23 Jun (NucNet): Vattenfall has warned that its finances for the second quarter of this year will be hit substantially if the German parliament ratifies government proposals for the early shut-down of some of the country’s nuclear plants.
Vattenfall said yesterday that, assuming parliamentary approval of the proposals at the end of this month, the company’s operating profit for the second quarter of 2011 will be "negatively impacted" by an estimated 10 billion Swedish crowns (about 1.1 billion euro or 1.6 billion US dollars).
Germany’s Bruensbuettel and Kruemmel nuclear plants, which Vattenfall manages and owns 66.7 percent and 50 percent respectively, will not be permitted to restart if parliament ratifies proposals as part of an overall phase-out of nuclear in Germany by 2022.

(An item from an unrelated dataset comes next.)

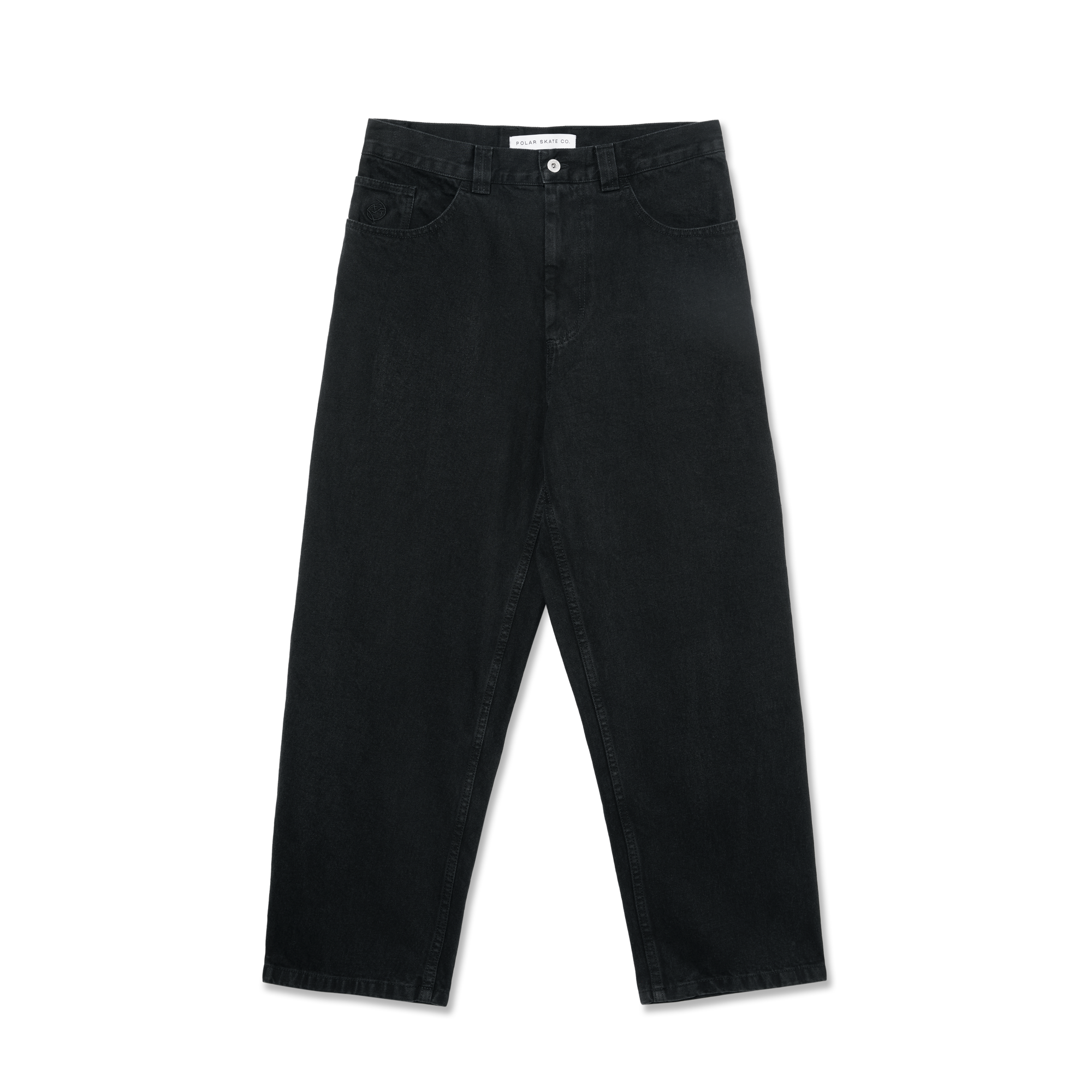 Polar-Skate-Co-SP24-Big-Boy-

"As a result, Vattenfall is forced to impair its book value of the two plants and to increase the provisions for dismantling the plants and the handling of nuclear fuel," Vattenfall said. However, the company said the move would have no negative impact on cash flow in 2011.
Vattenfall will issue a detailed report on the profits impact for the second quarter in its half-year report next month.
Germany's governing coalition government said last month that it had agreed a date of 2022 for the shut-down of all of the country’s 17 nuclear reactor units in the wake of the March accident at Japan’s Fukushima-Daiichi plant.
The country’s seven oldest reactors, which were already shut down temporarily following the Fukushima-Daiichi accident, and the Kruemmel nuclear power plant, would not resume commercial operation. Six other units would go offline by 2021 at the latest and the three newest units – Neckarwestheim-2 (commercial operation 1989), Isar-2 (1988) and Emsland (1988) – by 2022.